Hari ini saya ditunjukkan ada dua orang baru dalam dua dimensi yang berbeda namun kalau ditarik garis merahnya, saya bisa menyimpulkan, jadi orang itu jangan sok, jadi orang baru itu jangan sok tahu. Ketika kita berusaha untuk terlihat baik, kita malah kelihatan sisi tidak baiknya. Dari kedua orang itu, saya belajar untuk tidak berusaha to look good karena kesan baik dengan sendirinya akan muncul kalau I am good.
Hal lain yang saya pelajari adalah kalau selama ini saya sering mendapatkan tips untuk mengendapkan amarah, hari ini saya mendapat tambahan : share it with your friends and get their inputs.
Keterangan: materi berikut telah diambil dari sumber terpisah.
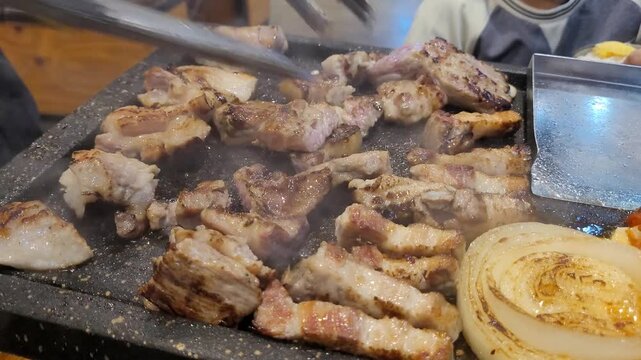 달궈진 석쇠 불판 위에서 노릇하게 익어가는 한국식 삼겹살 구이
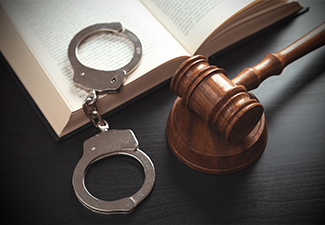 Handcuffs and wooden gavel on the table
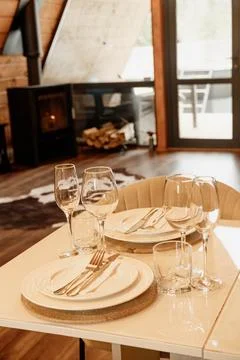 Dining Table Place Setting in Cozy Wooden Cabin Stock Photos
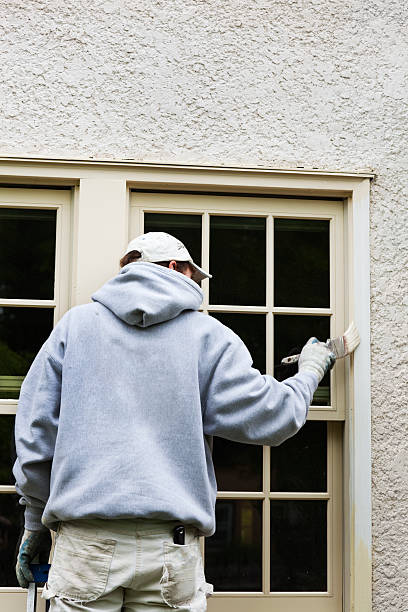 istock House Painter Standing on Ladder Painting Window Trim Vt 182784308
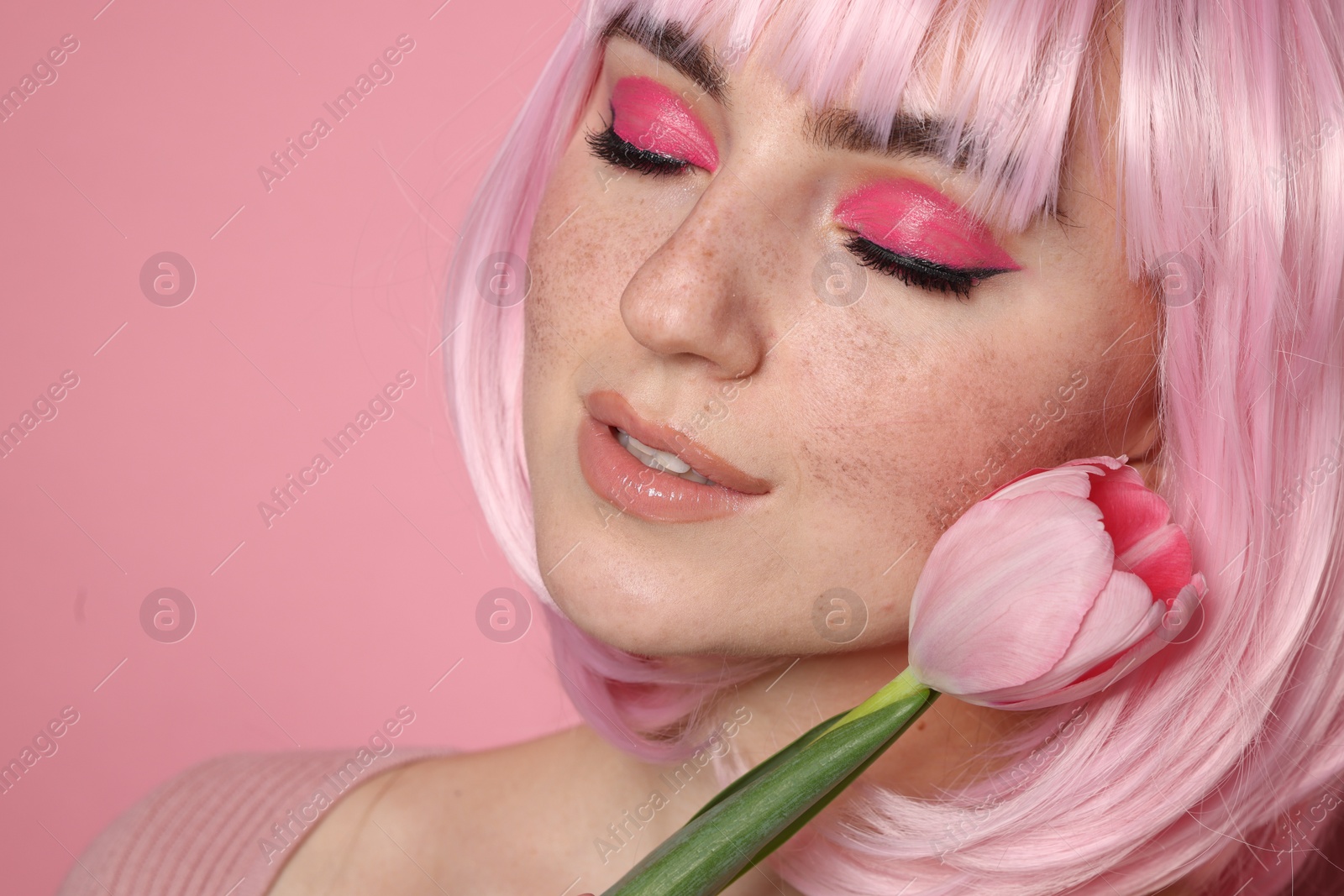 Photo of Beautiful woman with bright makeup, fake freckles and tulip on pink background, closeup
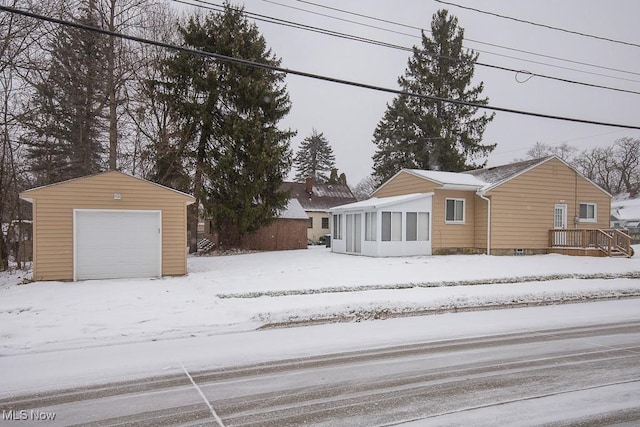 snow covered rear of property with a garage and an outdoor structure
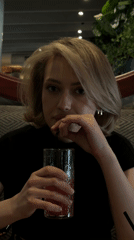 Woman documents dining experience at busy Ufa restaurant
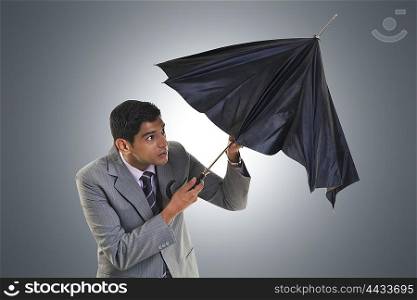Businessman trying to open umbrella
Hasilnya menjadi luar biasa karena saya kemudian mendapat perspektif dari berbagai sudut yang kadang tak pernah terpikirkan sebelumnya, sehingga ketika amarah reda, bukan saja saya menjadi semakin bijak, namun juga semakin kaya karena mendapat masukan dari orang lain.
Lalu saya bayangkan kedua hal ini saya terapkan dalam kehidupan pribadi:
1. Saya tidak boleh sok dan sok tau lagi dalam hal apa pun karena hasilnya justru membuat malu saya sendiri.
2. Kalau sedang marah, endapkan dan mintalah masukan teman-teman. Hasilnya akan mengubah sesuatu yang negatif, menjadi sesuatu yang double-positive asal mau mendengarkan dengan hati terbuka.
So, terima kasih orang tengil, hari ini saya belajar bagaimana mengatasi Anda dan yang paling utama untuk tidak menjadi Anda!